**** Data for this exercise ****
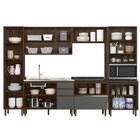 Conjunto Lavanderia Multiuso 6 Peças Amêndoa Chumbo Holanda S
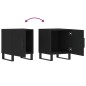 vidaXL Mesitas de noche 2 uds madera de ingeniería negro 40x40x50 cm vidaXL Mesitas de noche 2 uds madera de ingeniería negro 40x40x50 cm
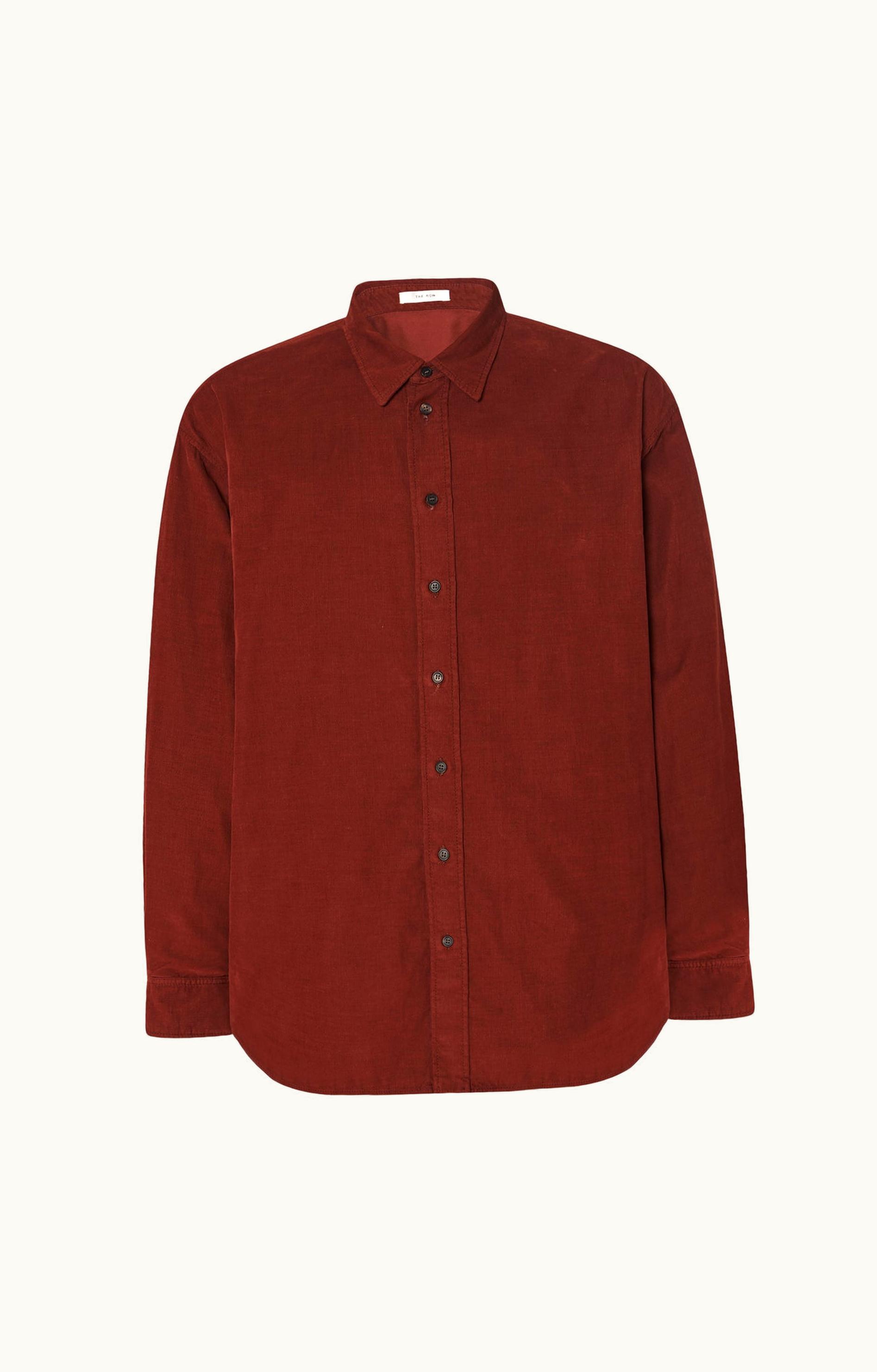 The Row The Row Penn Shirt Orange In Corduroy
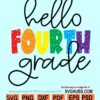 Hello 4th grade SVG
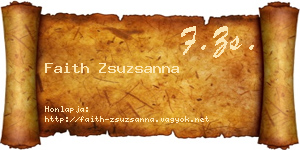 Faith Zsuzsanna névjegykártya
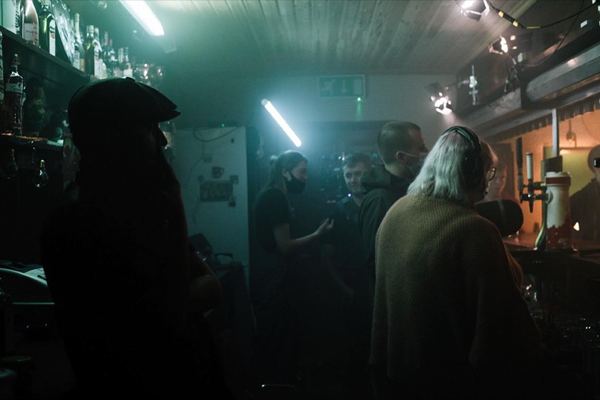 A still from the bar scene. Photograph: Nathan Magee
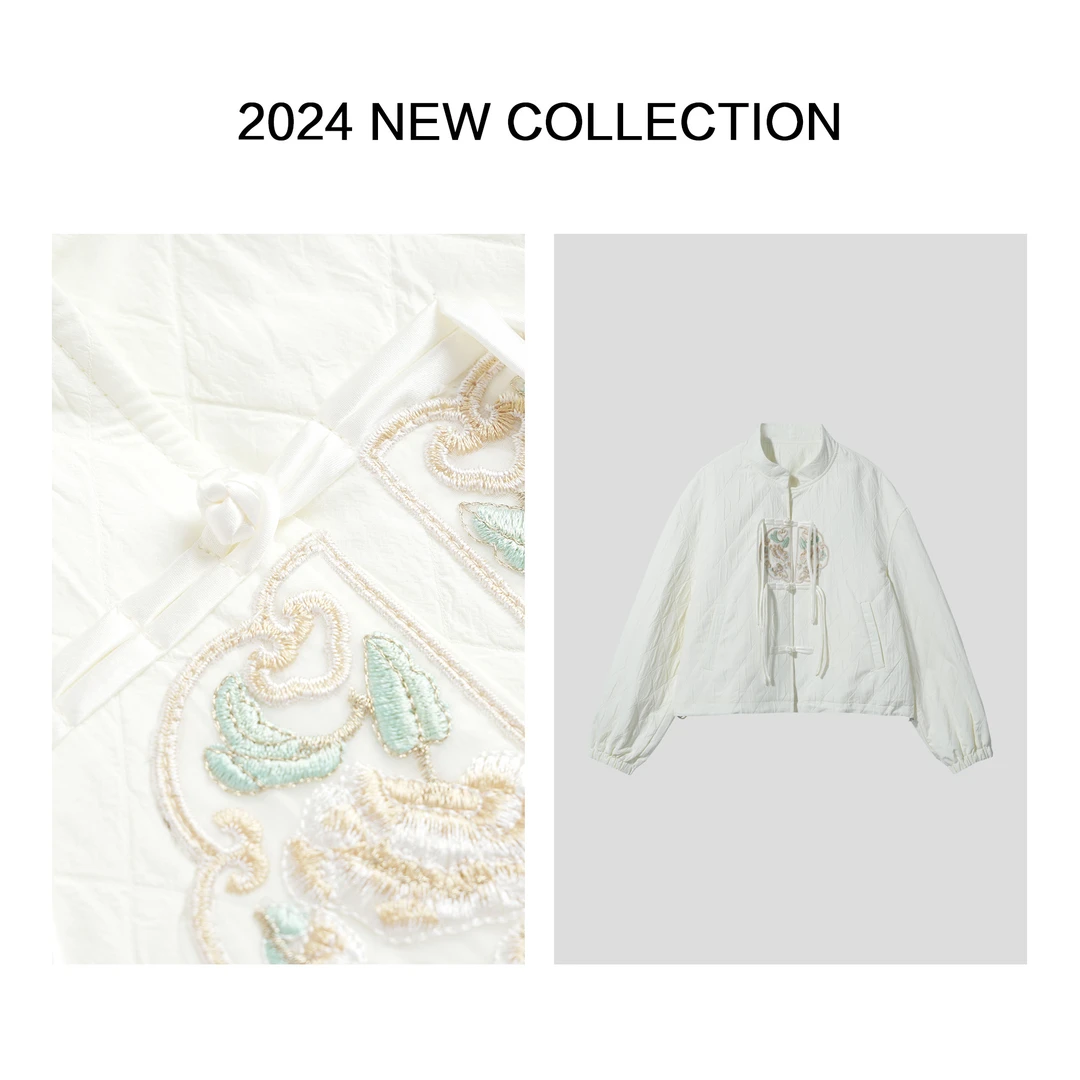 【芳芳专属】W3F13003B 女士秋季刺绣衬衫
****
*Task statement:*
Please set down, exactly and with nothing added, the lines from the line with "The Row The" to the end of the entries above, omitting pictures.

*Solution to this exercise:*
 The Row The Row Penn Shirt Orange In Corduroy
 Hello 4th grade SVG
 Faith Zsuzsanna névjegykártya
 A still from the bar scene. Photograph: Nathan Magee
 【芳芳专属】W3F13003B 女士秋季刺绣衬衫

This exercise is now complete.